- Canterbury
- Coordinates: 25°21′00″S 141°52′59″E﻿ / ﻿25.35000°S 141.88306°E
- Country: Australia
- State: Queensland
- Region: Central West Queensland
- LGA: Shire of Barcoo;
- Location: 86.9 km (54.0 mi) W of Windorah; 184 km (114 mi) SW of Jundah; 402 km (250 mi) SW of Longreach; 522 km (324 mi) WNW of Charleville; 1,289 km (801 mi) WNW of Brisbane;

Government
- • State electorate: Gregory;
- • Federal division: Maranoa;
- Postcode: 4481

= Canterbury, Queensland =

Canterbury is a small abandoned settlement in the locality of Windorah in Shire of Barcoo in Central West Queensland, Australia.

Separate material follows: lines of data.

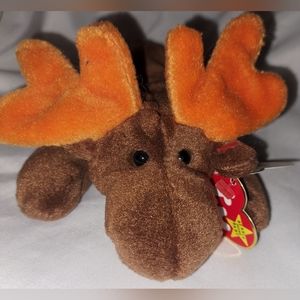 Moose beanie baby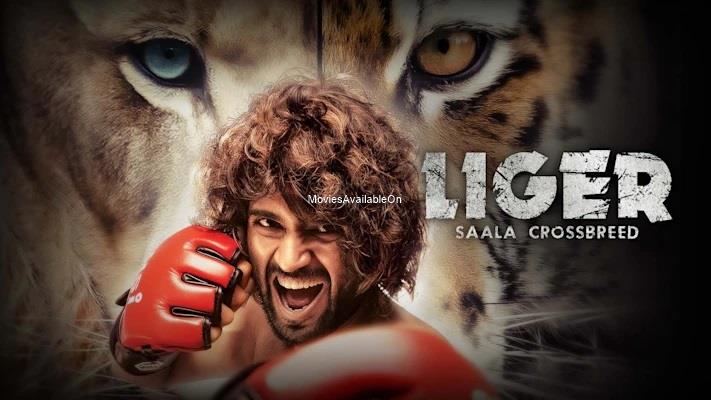 Liger - Saala Crossbreed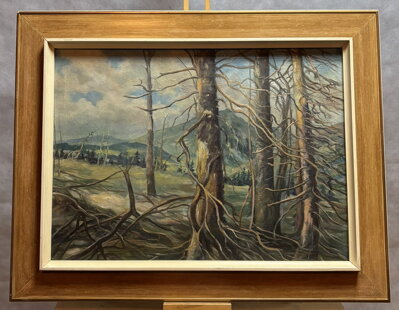 DRSNÁ KRÁSA HOR - NEZNÁMÝ AUTOR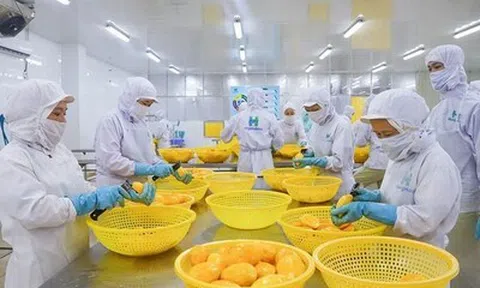 Nông nghiệp Hùng Hậu chuyển nhượng 4,4% vốn tại Thực phẩm Hùng Hậu cho công ty cùng hệ sinh thái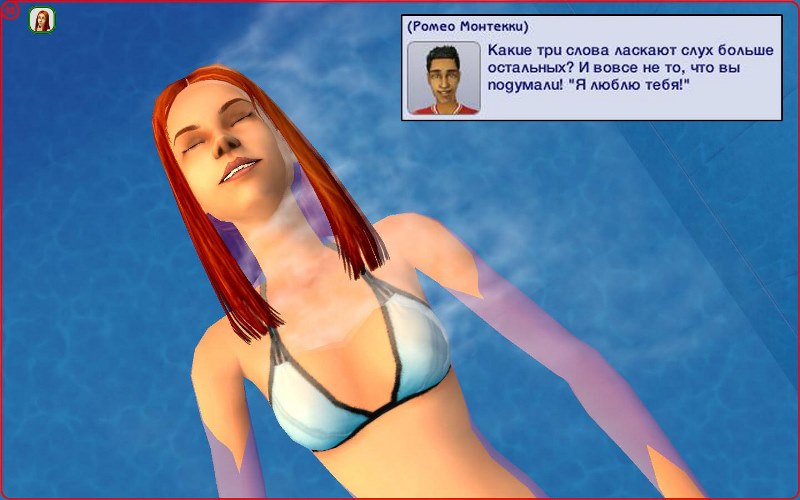 erigVaD.jpg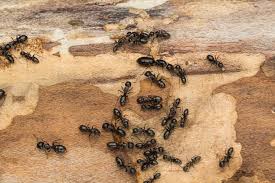 And how do i get rid of them? How To Get Rid Of Ants In Your Home Jackson Ms Synergy Synergy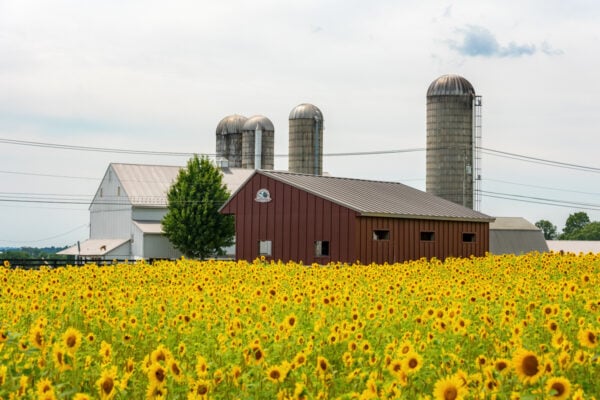 A barn behind a field of sunflowers at September Farm in Honey Brook, PA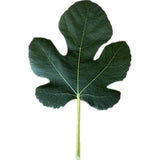 Leaf of Campaniere Fig Tree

The JC Hotel Ruins are located at this site.

== Geography ==
Canterbury's closest neighbour is Morney which is also the name of its closest river. It is located on the Diamantina Developmental Road.

==History==
In the late 1860s, pastoralist John Costello set up camp at a waterhole in the area and carved his initials in a nearby tree. The place afterwards was known as JC Waterhole. By the 1870s it had become the headquarters of the Native Police detachment in the region under Sub-Inspector William Gough. In the early 1880s the JC Hotel was established and in 1884 the settlement was renamed Canterbury.

Canterbury Post Office opened on 1 January 1891 (a receiving office had been open from 1888) and closed in 1920.